The NWT’s conservation network is a collection of inter-connected protected, conservation, and heritage areas. It is built in close collaboration between territorial, federal and Indigenous governments, Indigenous organizations, and stakeholders to protect the territory’s ecological, social, cultural, and economic vibrance over the long-term.

The NWT’s vast, relatively untouched landscape provides a rare chance, unavailable in most other regions in Canada or the world, to proactively plan for a healthy future for the land, water, wildlife and people.

Planning ahead to responsibly conserve land and water now makes sense – restoring it later is less effective and costs more.


The conservation network in the NWT includes:

  • Indigenous protected and conserved areas (IPCAs)

  • Territorial protected areas

  • Federal protected areas

  • National and territorial parks

  • Marine sanctuaries

  • National and territorial wildlife sanctuaries/areas/refuges/historic sites

  • Protected through land claim agreements

  • Areas conserved through land use planning

  • Areas protected through land claim agreements


By the numbers:

  • 17.3%: the amount of land and freshwater protected or conserved


Learn more about the NWT’s conservation network:

Protecting what matters


As species are rapidly being lost around the world, the NWT’s conservation network helps maintain landscapes with minimal human disturbance connected through corridors where wildlife, plants, and other species can thrive with minimal human interference.

These areas help:

  • Safeguard habitat for wildlife
  • Give space to feed and raise their young
  • Give space for species to safely migrate

This works – recent studies tell us that the average number of species in an area which is protected is 10.6% higher than those outside, while populations also tend to be 14.6% higher than those outside.


Cultural well-being

Protected areas and conservation areas keep the cultural fabric strong – protecting, conserving, and recognizing areas where deep connections to the land have been shared by peoples of the Northwest Territories for centuries.

That’s why we build the conservation network alongside Indigenous governments and Indigenous organizations – taking in centuries of Indigenous knowledge alongside western science to inform conservation decisions.


Climate resilience

Resilience to the changing climate depends on habitat variety across landscapes.
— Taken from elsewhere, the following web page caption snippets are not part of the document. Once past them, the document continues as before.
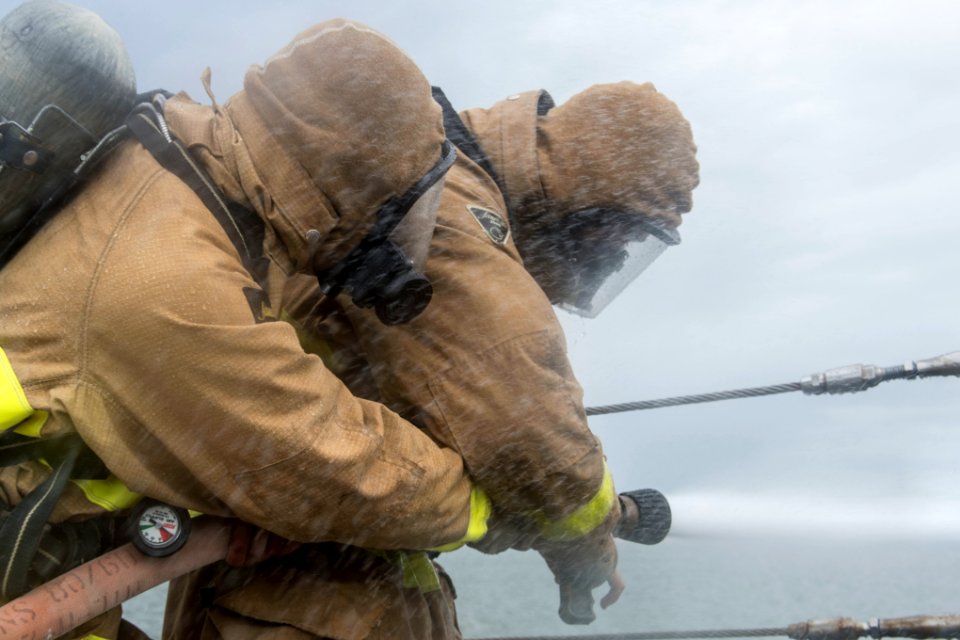 USS Rodney M. Davis participates in CARAT Brunei 2014 141111-N-TW634-144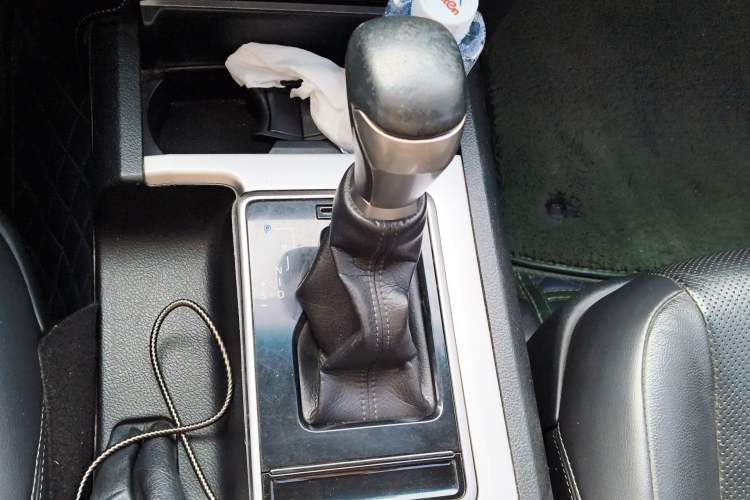 Used Toyota Prado 2018 3.5L Automatic TX-L with Rear-Mounted Spare Tire Gear Lever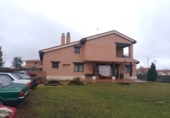 Chalet independiente con terreno en venta en Quintana del Puente ref: TR415668 foto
Ensuring these habitats are protected helps maintain the ability for species to adapt, and for excess greenhouse gases to be stored in forests, peat bogs, and other habitats to regulate our climate.

Well-planned protected areas and conservation areas are a proven way to achieve these ends in a cost-effective way.


Economic diversification

Protected areas and conservation areas are cherished both by locals and visitors. The NWT’s conservation network offers opportunities for responsible, respectful economic development through activities like eco and cultural tourism, locally-employed area managers, Guardian programs, and research.



Protected areas and conservation areas are environmental benchmarks for measuring the health of the environment and species living in them. That benchmark can help generate more knowledge about the effects of habitat loss and degradation, climate change, pollution, invasive species, and other threats.

This makes them valuable for local, national, and international researchers.